- Work instruction:
Starting at the line that holds "vidaXL Tête de" and stopping at the line that holds "Figurine Bonhomme de", restate the records below word for word, with both of those lines included.

[Extracted records]

=====

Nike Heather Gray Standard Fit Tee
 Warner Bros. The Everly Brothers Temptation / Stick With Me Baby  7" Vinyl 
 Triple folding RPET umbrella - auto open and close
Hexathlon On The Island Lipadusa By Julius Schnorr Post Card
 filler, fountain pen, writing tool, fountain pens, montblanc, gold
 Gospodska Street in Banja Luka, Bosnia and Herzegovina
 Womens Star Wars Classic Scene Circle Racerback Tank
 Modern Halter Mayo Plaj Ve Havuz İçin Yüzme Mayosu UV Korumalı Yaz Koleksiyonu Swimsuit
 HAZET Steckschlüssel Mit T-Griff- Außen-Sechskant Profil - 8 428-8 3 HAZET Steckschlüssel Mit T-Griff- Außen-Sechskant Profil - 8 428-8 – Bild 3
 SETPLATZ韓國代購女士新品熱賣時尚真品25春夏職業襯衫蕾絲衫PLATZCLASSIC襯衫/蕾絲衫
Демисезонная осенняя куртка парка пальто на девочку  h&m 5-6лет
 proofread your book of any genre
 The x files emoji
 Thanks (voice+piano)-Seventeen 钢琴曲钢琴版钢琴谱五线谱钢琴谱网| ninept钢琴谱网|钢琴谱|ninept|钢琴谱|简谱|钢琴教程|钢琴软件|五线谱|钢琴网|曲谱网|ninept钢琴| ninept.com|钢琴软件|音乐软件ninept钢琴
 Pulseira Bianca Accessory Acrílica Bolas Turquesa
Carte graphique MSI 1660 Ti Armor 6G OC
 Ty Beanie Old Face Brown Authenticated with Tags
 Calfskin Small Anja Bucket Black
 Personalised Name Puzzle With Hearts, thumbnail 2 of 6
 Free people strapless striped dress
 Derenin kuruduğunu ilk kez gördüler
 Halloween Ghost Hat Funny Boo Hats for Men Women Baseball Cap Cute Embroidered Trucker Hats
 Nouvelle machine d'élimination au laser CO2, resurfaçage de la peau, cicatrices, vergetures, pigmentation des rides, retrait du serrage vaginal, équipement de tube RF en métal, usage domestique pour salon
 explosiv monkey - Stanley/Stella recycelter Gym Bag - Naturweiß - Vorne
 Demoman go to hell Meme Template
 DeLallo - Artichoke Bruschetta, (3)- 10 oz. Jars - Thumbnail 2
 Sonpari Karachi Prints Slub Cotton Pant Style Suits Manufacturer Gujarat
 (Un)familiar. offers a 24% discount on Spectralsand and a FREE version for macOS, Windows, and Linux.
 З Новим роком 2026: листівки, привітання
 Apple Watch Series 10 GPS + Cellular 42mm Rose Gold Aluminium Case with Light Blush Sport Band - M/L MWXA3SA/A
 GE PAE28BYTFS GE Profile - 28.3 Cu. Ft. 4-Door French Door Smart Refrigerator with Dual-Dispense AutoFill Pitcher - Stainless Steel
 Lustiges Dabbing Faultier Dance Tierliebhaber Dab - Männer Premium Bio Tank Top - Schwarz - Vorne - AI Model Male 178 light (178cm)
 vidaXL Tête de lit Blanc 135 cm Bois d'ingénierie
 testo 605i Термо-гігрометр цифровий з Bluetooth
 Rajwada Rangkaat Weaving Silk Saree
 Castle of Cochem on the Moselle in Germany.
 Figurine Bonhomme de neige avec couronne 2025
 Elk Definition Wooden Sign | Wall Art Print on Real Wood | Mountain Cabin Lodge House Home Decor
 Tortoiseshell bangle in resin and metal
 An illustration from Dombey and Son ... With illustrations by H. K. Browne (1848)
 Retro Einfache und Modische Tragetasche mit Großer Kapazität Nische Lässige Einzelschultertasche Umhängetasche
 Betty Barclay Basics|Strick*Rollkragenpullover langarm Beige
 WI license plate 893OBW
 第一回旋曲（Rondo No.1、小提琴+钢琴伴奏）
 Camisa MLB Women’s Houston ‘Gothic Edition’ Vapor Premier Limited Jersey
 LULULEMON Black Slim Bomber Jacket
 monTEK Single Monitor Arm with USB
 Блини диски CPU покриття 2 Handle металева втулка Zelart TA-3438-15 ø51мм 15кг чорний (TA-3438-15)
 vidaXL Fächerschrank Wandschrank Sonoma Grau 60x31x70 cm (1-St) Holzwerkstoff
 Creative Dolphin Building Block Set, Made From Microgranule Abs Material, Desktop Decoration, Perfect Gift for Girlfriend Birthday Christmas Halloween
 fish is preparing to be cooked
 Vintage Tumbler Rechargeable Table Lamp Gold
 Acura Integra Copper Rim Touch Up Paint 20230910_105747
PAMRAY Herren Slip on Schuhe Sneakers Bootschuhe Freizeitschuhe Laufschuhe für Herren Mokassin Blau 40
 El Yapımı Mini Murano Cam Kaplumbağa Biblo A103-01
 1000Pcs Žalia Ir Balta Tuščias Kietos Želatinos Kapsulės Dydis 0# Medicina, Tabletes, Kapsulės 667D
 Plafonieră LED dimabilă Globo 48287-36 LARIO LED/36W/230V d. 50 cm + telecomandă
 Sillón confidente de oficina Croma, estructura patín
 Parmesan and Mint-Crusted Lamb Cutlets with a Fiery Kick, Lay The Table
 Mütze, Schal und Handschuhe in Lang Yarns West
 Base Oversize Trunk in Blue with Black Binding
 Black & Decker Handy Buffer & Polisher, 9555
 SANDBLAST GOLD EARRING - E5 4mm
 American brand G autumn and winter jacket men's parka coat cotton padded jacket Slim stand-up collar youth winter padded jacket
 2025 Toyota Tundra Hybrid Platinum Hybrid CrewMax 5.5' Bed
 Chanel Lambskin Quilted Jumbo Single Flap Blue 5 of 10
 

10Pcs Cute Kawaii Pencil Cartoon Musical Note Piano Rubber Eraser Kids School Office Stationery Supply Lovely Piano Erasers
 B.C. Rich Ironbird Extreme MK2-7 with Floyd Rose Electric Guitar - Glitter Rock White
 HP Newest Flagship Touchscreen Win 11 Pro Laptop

=====

- Answer:
 vidaXL Tête de lit Blanc 135 cm Bois d'ingénierie
 testo 605i Термо-гігрометр цифровий з Bluetooth
 Rajwada Rangkaat Weaving Silk Saree
 Castle of Cochem on the Moselle in Germany.
 Figurine Bonhomme de neige avec couronne 2025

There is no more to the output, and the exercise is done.